Hi! Thank you for your feedback. I'm happy to provide more info, but can you specify what you need to know about the environment? There are no other instances of elasticsearch installed locally (i. e. not on the machine itself nor on the local network). I'm running an Ubuntu 20.04 VPS on Azure. I believe the warning comes from an problem with connection pooling with docker compose. I've read that only 10 parallel connections are allowed.
I'm not familiar with that limit, does setting the corresponding env var export COMPOSE_PARALLEL_LIMIT=20
resolve the issue?
possibly related? https://github.com/docker/compose/issues/6638#issuecomment-786616817
but can you specify what you need to know about the environment
This is listed in the issue template when you start a new bug report, unfortunately most people seem to skip over it 🤷
**Environment (please complete the following information):**
<!--
- OS: [e.g. Linux/Mac/Windows]
- Docker versions: [e.g. `docker --version`, `docker-compose --version`]
-->
Docker version 20.10.2, build 20.10.2-0ubuntu1~20.04.2 docker-compose version 1.25.0, build unknown
possibly related? docker/compose#6638 (comment)

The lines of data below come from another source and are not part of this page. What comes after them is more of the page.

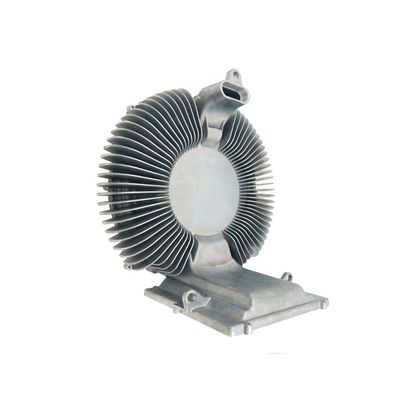 Gümüş Dökme Alüminyum Isı Lavabosu Kompakt Elektronik Isı Lavabosu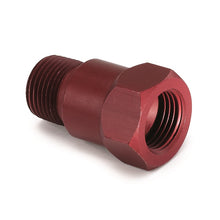 Load image into Gallery viewer, AutoMeter Fitting Adapter 3/8in. NPT Male Aluminum Red For Mech. Temp. Gauge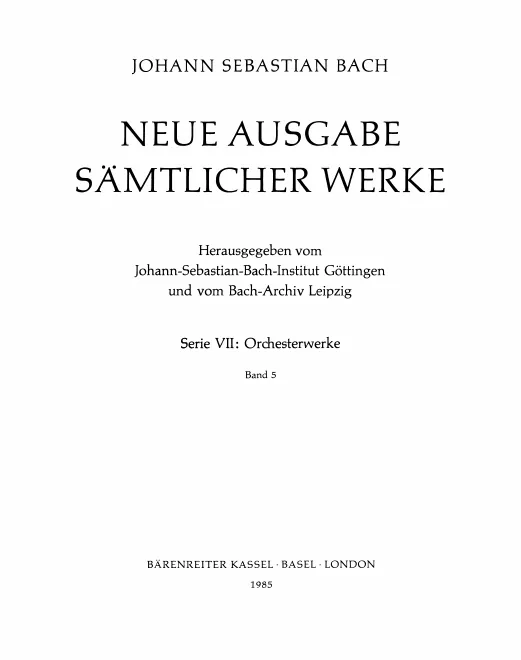 5. Konzerte für zwei Cembali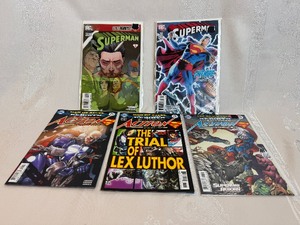lot 65 image: Superman DC Comic Books (Qty 5)
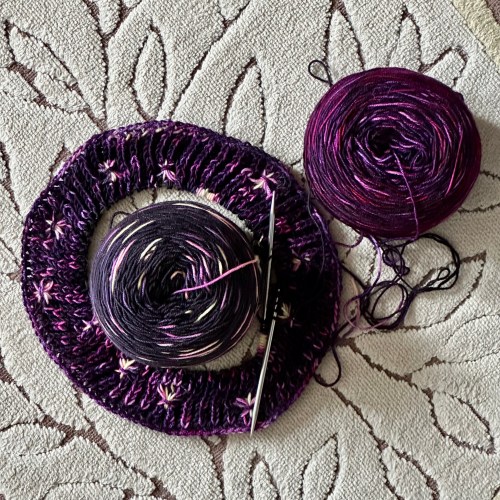 purple on purple yarns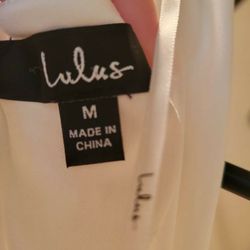 White Lulu's Maxi Dress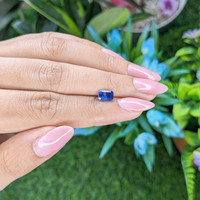 1.31 Ct. Bi Color / Parti Sapphire from Tanzania Life Style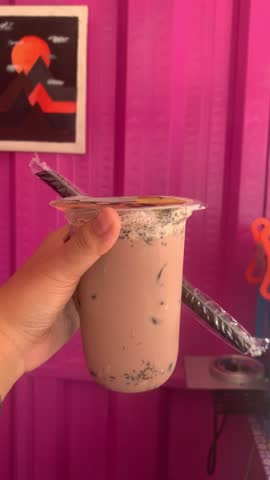 Ice shake with topping boba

Yes, I see a relation here, too. However, I tried to raise the environment variable with export COMPOSE_PARALLEL_LIMIT=100
which unfortunatly didn't help...
docker-compose@v1.25.0 was released 2019-11-18
, can you please try updating it before we dig deeper?

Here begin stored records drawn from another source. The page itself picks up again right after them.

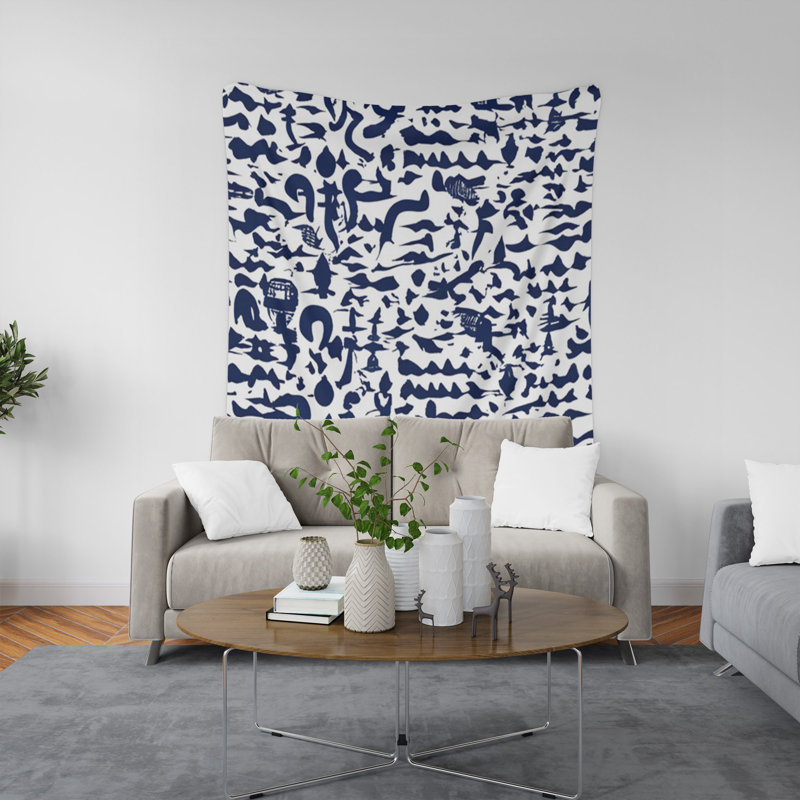 Tapisserie murale, H 80 po x l 68 po x P 0,8 po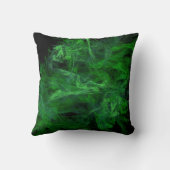 抽象的な緑の乱雑なフィラメント クッション (裏面)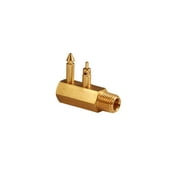 Attwood 8883-6 Brass Quick-Connect Tank Fitting 1/4-Inch NPT Male Thread for Johnson/Evinrude/OMC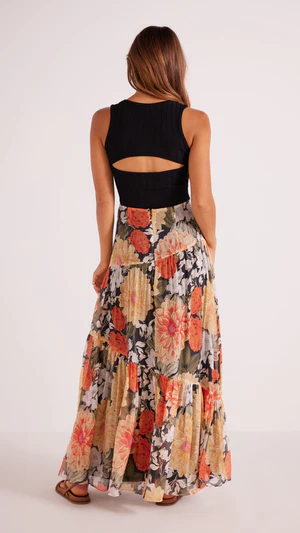 The Clementine Floral Maxi Skirt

ok, thank you for the hint. I updated to 1.29.2 and now I don't get these warnings anymore. However, the behviour is a bit different now, e. g. pelias compose up
doesn't run as background deamon but keeps logging on stdout. Plus, when I forget to set DOCKER_HOST
, I get confusing exceptions. That being said, when I tried Pelias for the first time, I had a hard time figuring out how to set up Docker correctly and what the error message about the missing DOCKER_HOST
environment variable means. It turned out that I had to configue Docker to listen to TCP. It seems that the default is that Docker listens on a Unix socket only. Unfortunatly this doesn't work with Pelias. Maybe a mention of this in the installation guide could help. I'd also like suggest to mention specific minimum versions for Docker and Docker Compose - as 'a modern version' is not very concrete, especially as 1.25.0 is shipped with the latest Ubuntu LTS, so you would expect it to be 'modern'.

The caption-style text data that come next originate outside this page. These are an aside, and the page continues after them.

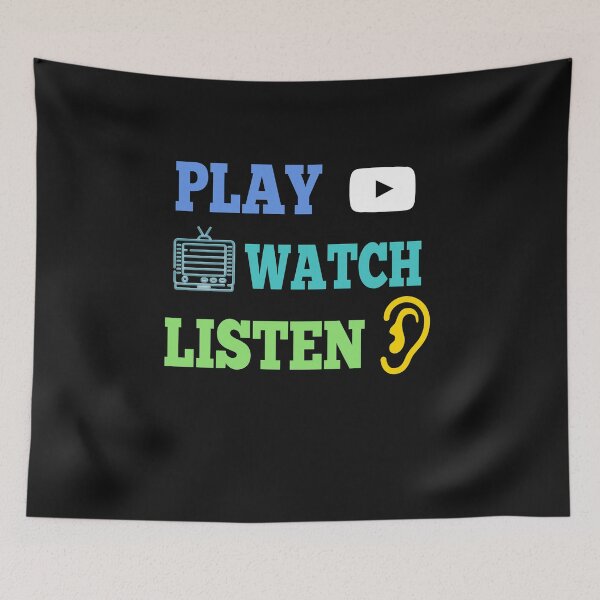 Artikelvorschau, Play Watch Listen entworfen und verkauft von MelfDesings.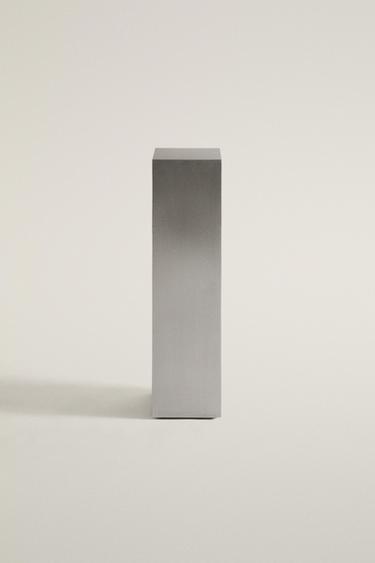 Zara BRUSHED STAINLESS STEEL PEDESTAL | STUDIO MARY LENNOX - Steel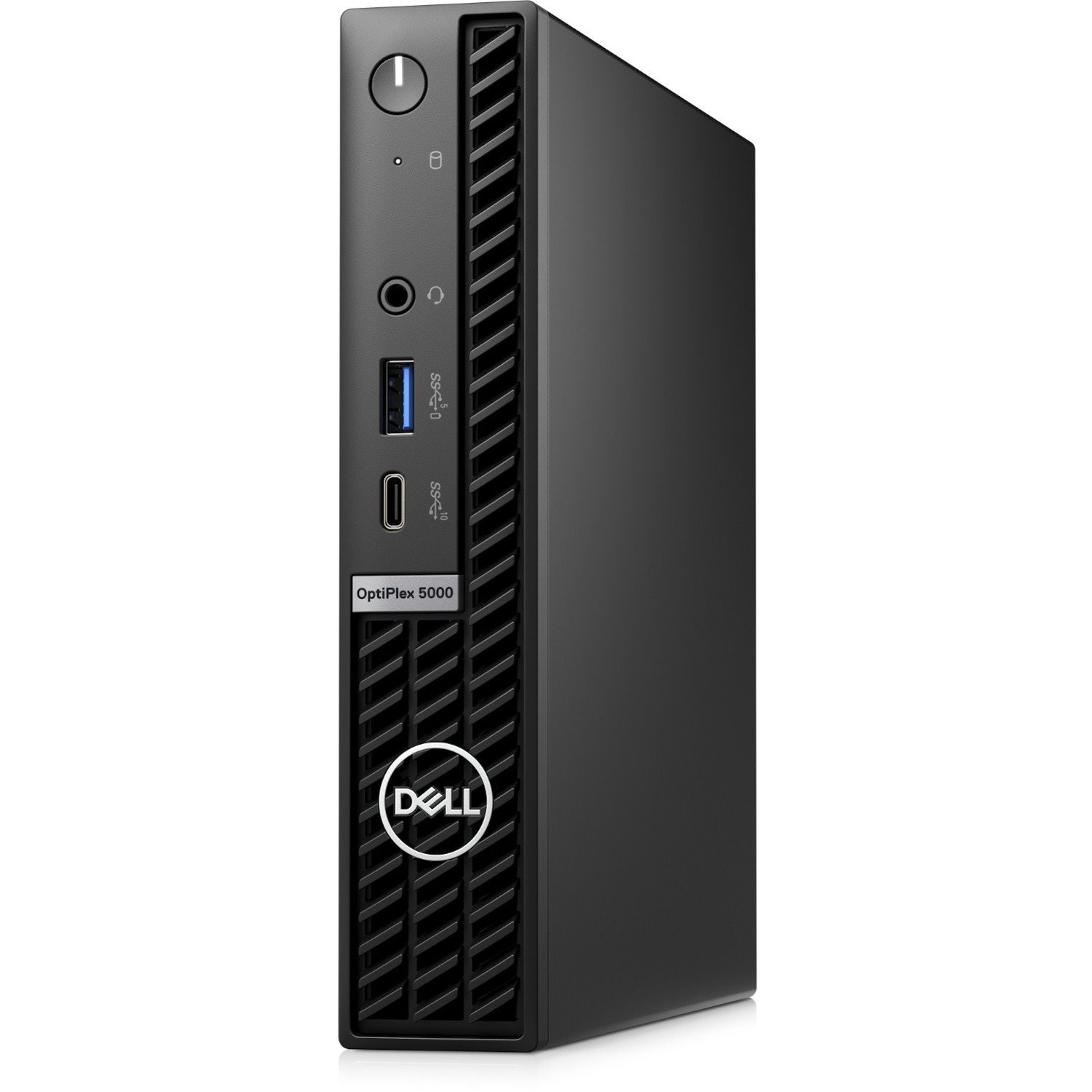Dell OptiPlex 5000 Desktop Computer - Intel Core i5 12th Gen i5-12500T - 8 GB - 256 GB SSD - Micro PC - Black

Thanks for the feedback @cbayerlein.
This is the first time we've had an issue regarding DOCKER_HOST
so I suspect there's something non-standard about your Docker installation which is causing the issues you're seeing.
I've never had to set the DOCKER_HOST
env var myself and it's not clear why you do either, maybe it's something to do with how AZURE works or how you installed Docker on Ubuntu.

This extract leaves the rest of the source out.